Ulsan Philharmonic Orchestra

Hong-jae Kim, Conductor
(Hong-jae Kim Bio)

Vladimir Dyo, Violin
(Vladimir Dyo Web Page)

Sumi Jo, Soprano
(Sumi Jo Website)

Hosted by:
JH Arts Corporation
The Korea-Daily New York
Hudson Fine Art Foundation

Carnegie Hall
Isaac Stern Auditorium/Ronald O. Perelman Stage

Dr. Roberta E. Zlokower
June 25, 2015

Sung-hwan Choi: Arirang Fantasy.

Pablo De Sarasate (1844-1908): “Carmen” Fantasy, Op. 25,
w. Vladimir Dyo, violin.

Vincenzo Bellini (1801-1835): “Qui la voce sua soave” from I Puritani,
w. Sumi Jo, soprano.

Jacques Offenbach (1819-1880): “Les oiseaux dans la charmille”, from Les Contes d’Hoffmann, w. Sumi Jo, soprano.

Antonin Dvořák (1841-1904): Symphony No. 8 in G Major, Op. 88.

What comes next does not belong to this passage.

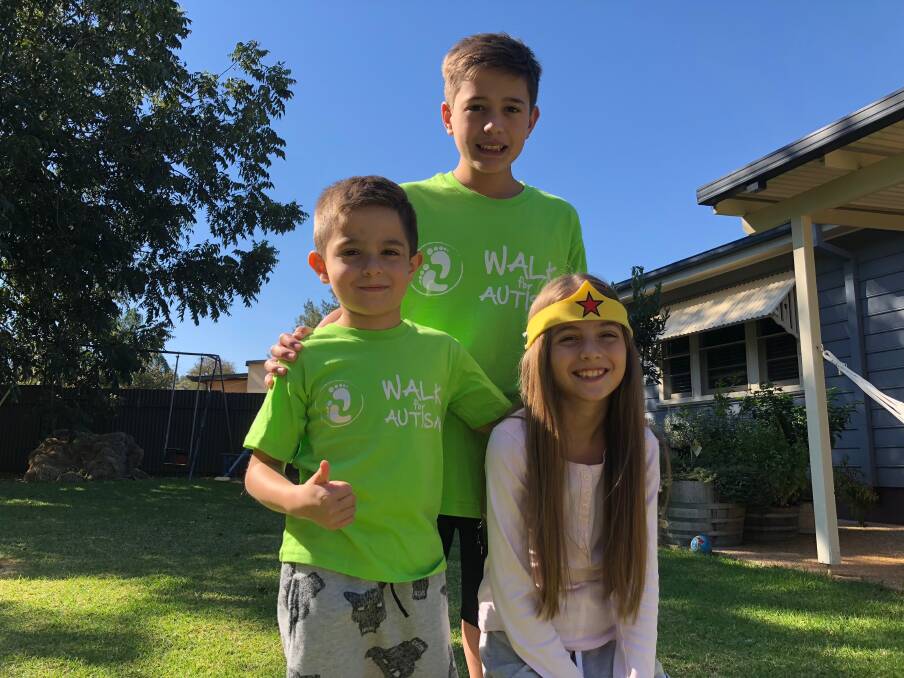 SUPER: Romeo Giannini, Noah Beltrame and Mila Giannini are getting ready for the Walk For Autism, raising money for the school in Yenda. PHOTO: Jacinta Dickins.
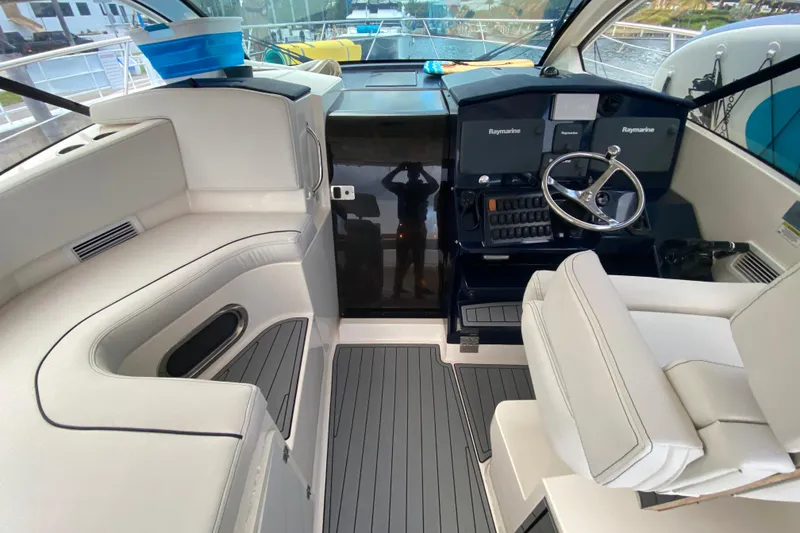 Slide: The Image of 2014 Pursuit SC 365i Sport Coupe cockpit with modern controls and seating. - 29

What a wonderful surprise to learn about the Ulsan Philharmonic Orchestra tonight at Carnegie Hall, a powerful and very professional group of youthful, vibrant musicians. Maestro Hong-jae Kim led the eclectic and challenging program with mastery and poise. Sung-hwan Choi’s Arirang Fantasy was performed with sweeping lyricism, in an increasing volume. Strings echoed orchestral passages, before quietude resumed. But, once again, swirling, dancing refrains returned, within the yearning, celebratory melody. Many in the audience, from Korea, were especially moved, as the composer is from Korea. This is a piece I’d like to hear again, as it ended too soon.

For Pablo De Sarasate’s ”Carmen” Fantasy, Vladimir Dyo took the stage with his violin. Mr. Dyo is a faculty member and coordinator of chamber ensembles at the Boyer College of Music. He rose to the occasion tonight, with this very challenging violin solo, accompanied by the orchestra. The work is rambunctious and feverish, with sudden shifts from racing, raging tempos to near, surreal silence. Mr. Dyo performed with seasoned stage presence. The operatic themes are interwoven in the “Fantasy”, with rhythmic dervish, notes spinning faster than conceivable flamenco dance. The finale’s tonal flourish brought accolades from the Carnegie crowd.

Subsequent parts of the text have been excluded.